* **TASK TO CARRY OUT**:
For the data below, transcribe the part that opens with the line containing "Chevrolet Niva I" and closes with the line containing "1130 N Leslie Street, Pahrump, NV 89060 - #1", exactly and with no pictures.

* **RECORDS TO PROCESS**:
⟨

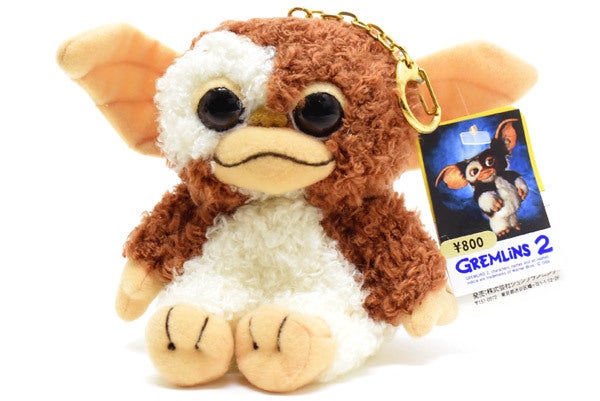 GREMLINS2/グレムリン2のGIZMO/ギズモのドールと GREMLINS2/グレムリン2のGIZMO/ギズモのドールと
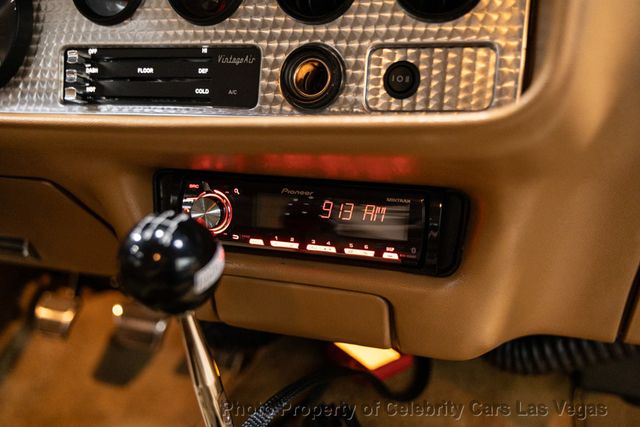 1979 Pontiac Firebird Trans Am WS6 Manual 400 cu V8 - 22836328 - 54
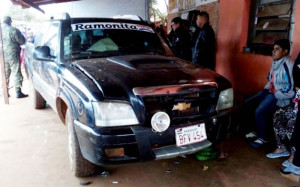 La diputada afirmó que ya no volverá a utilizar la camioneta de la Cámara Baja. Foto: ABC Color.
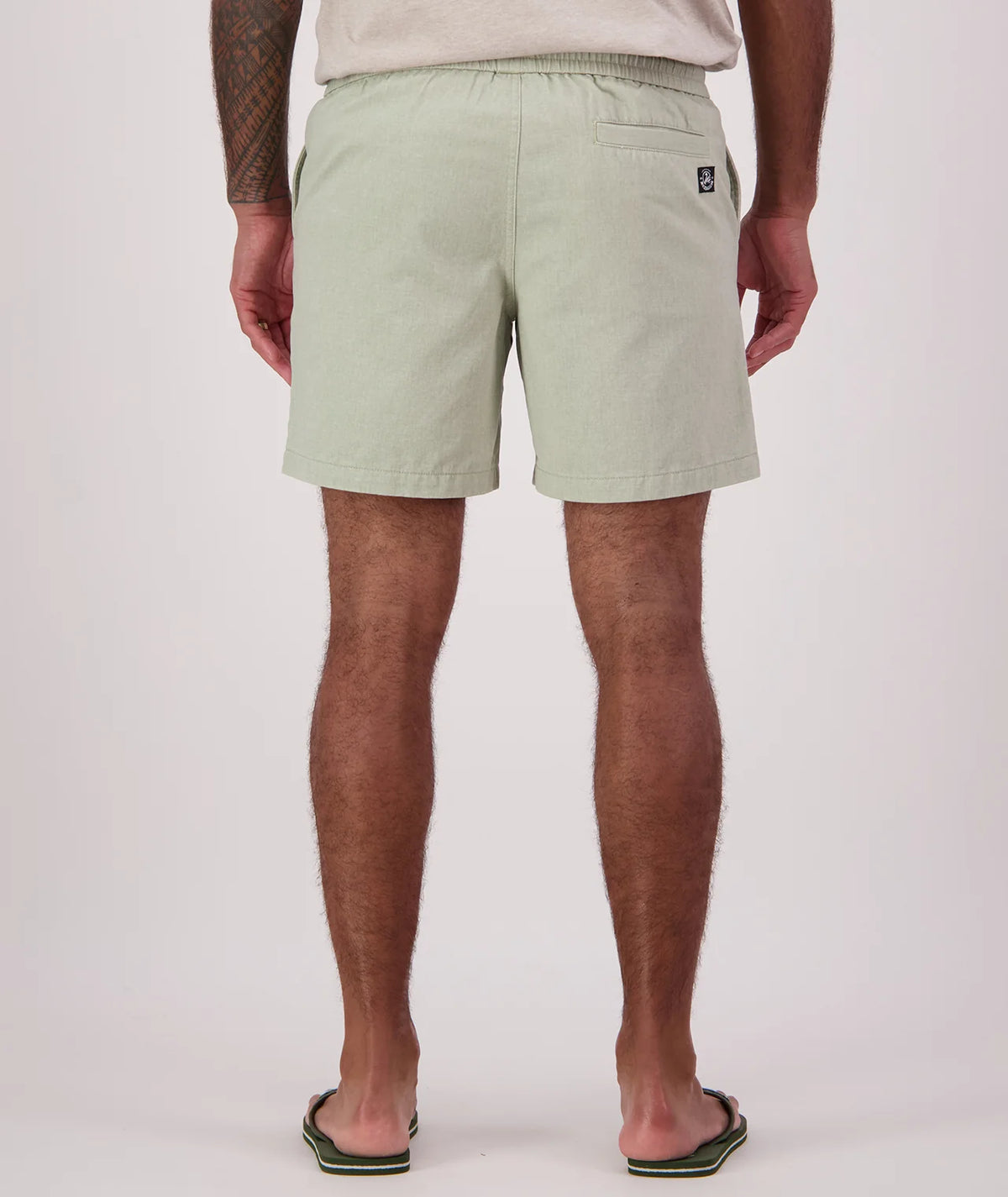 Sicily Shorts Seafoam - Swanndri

⟩
⟨

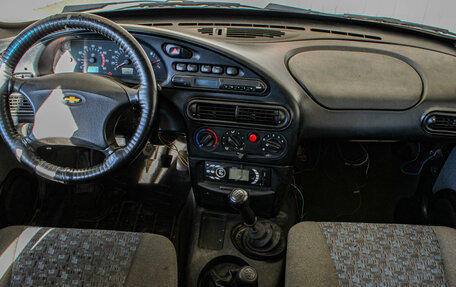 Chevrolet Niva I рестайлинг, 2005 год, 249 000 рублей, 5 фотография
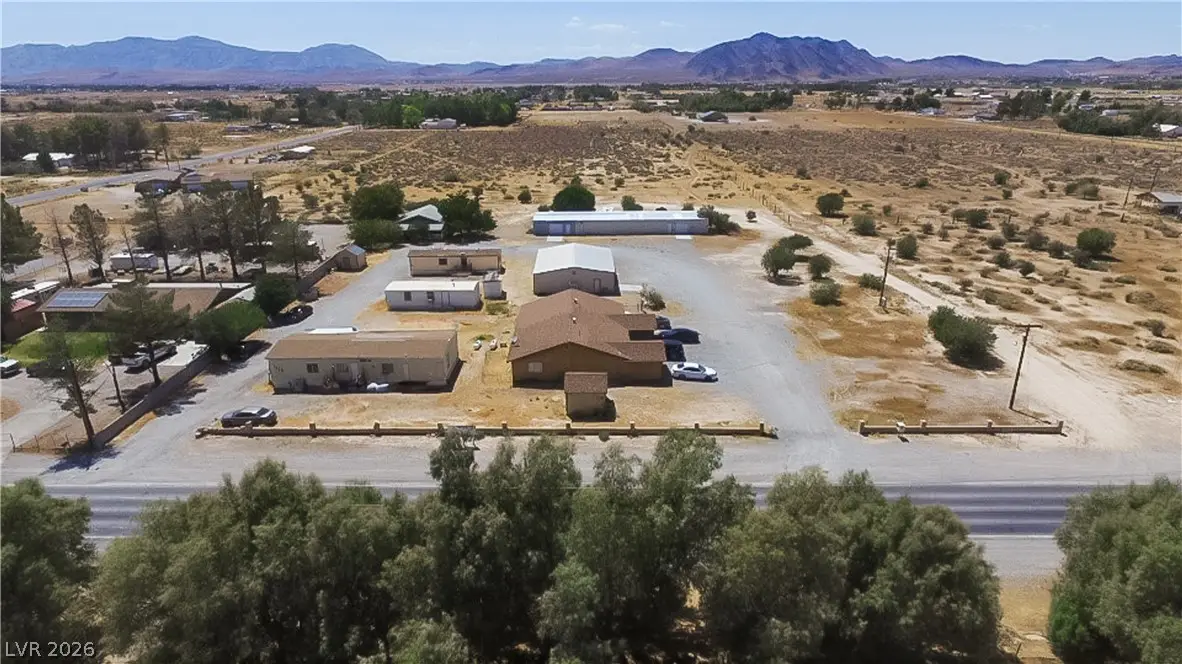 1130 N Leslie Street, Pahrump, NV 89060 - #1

⟩

* **EXERCISE SOLUTION**:
 Chevrolet Niva I рестайлинг, 2005 год, 249 000 рублей, 5 фотография
 1130 N Leslie Street, Pahrump, NV 89060 - #1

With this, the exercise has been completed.